FCA-regulated Fasanara Capital raises $350 million in crypto and fintech VC funds

London-based asset manager Fasanara Capital has raised a $350 million investment fund to support fintech and cryptocurrency startups that can deliver new use cases for the burgeoning Web3 economy.

The company, which has $3.5 billion in assets under management, targets early-stage startups in the fintech and crypto space. The plan is to build long-term relationships with project creators and other industry veterans. This includes potentially larger equity commitments than traditional venture capital firms.

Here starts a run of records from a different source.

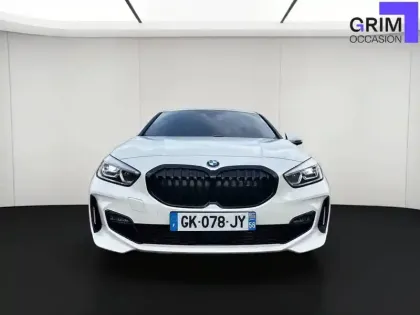 Photo 17 BMW Serie 1 118i 136 ch DKG7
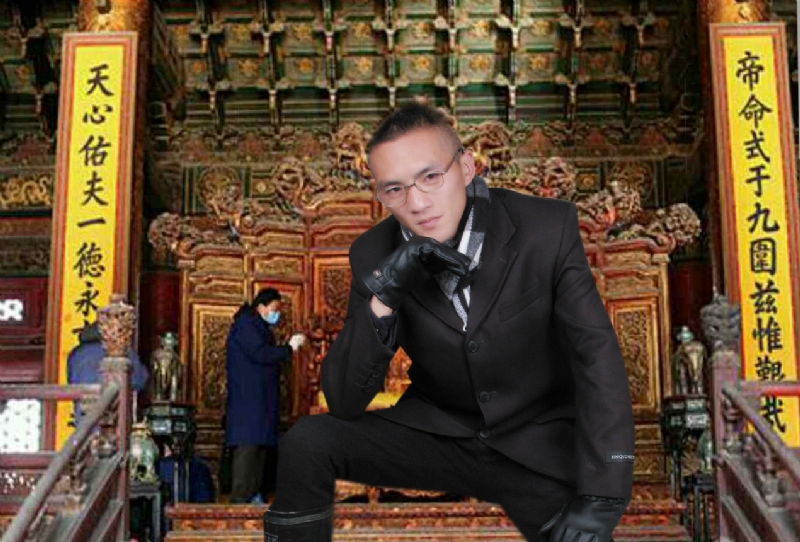 余生平凡的第一张照片--长乐相亲网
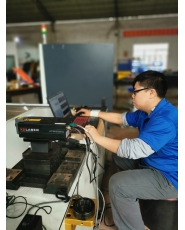 客户现场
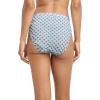 imageJockey Womens Underwear Elance French Cut  6 PackWinter SprigHydrangeaSeaCoral Mist HeatherCoveWhite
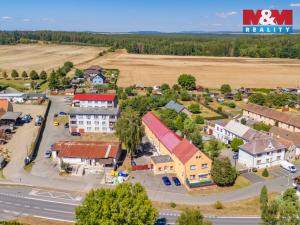 Pronájem bytu 1+1, Sytno, 49 m2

Founded in 2011, Fasanara Capital is a fintech investment firm increasingly specializing in digital assets and lending technologies. The company is regulated by the UK’s Financial Conduct Authority and is backed by the European Investment Fund, a Luxembourg-based financial institution that arranges small business loans through private banks and funds.

Two of Fasanara’s portfolio companies recently achieved unicorn status: ScalaPay, an Italian payment processor, and Grover, a German smartphone and subscription services company. In the startup world, a unicorn is a company that reaches a valuation of $1 billion or more.

Venture capital funding for fintech and cryptocurrency startups continues to grow as investors seek to identify the next wave of disruptive technologies. According to the organizers of the Tech.eu summit, more than 750 fintech financing deals with a total volume of over 27 billion US dollars were reported in Europe alone in 2021. Meanwhile, data from Cointelegraph Research shows that crypto startups closed 1,349 deals in 2021, with a combined value of around $30.5 billion.

Related: GameFi Shows Signs of Mature Landscape: Report

VC funds allocate more resources to Web3 companies in 2022. Source: Cointelegraph Research Terminal.

Despite signs of a bear market looming over the cryptocurrency industry, venture funding in this space has shown no signs of slowing down in 2022. In the first quarter alone, crypto startups saw cumulative inflows of $14.6 billion from the venture capital community.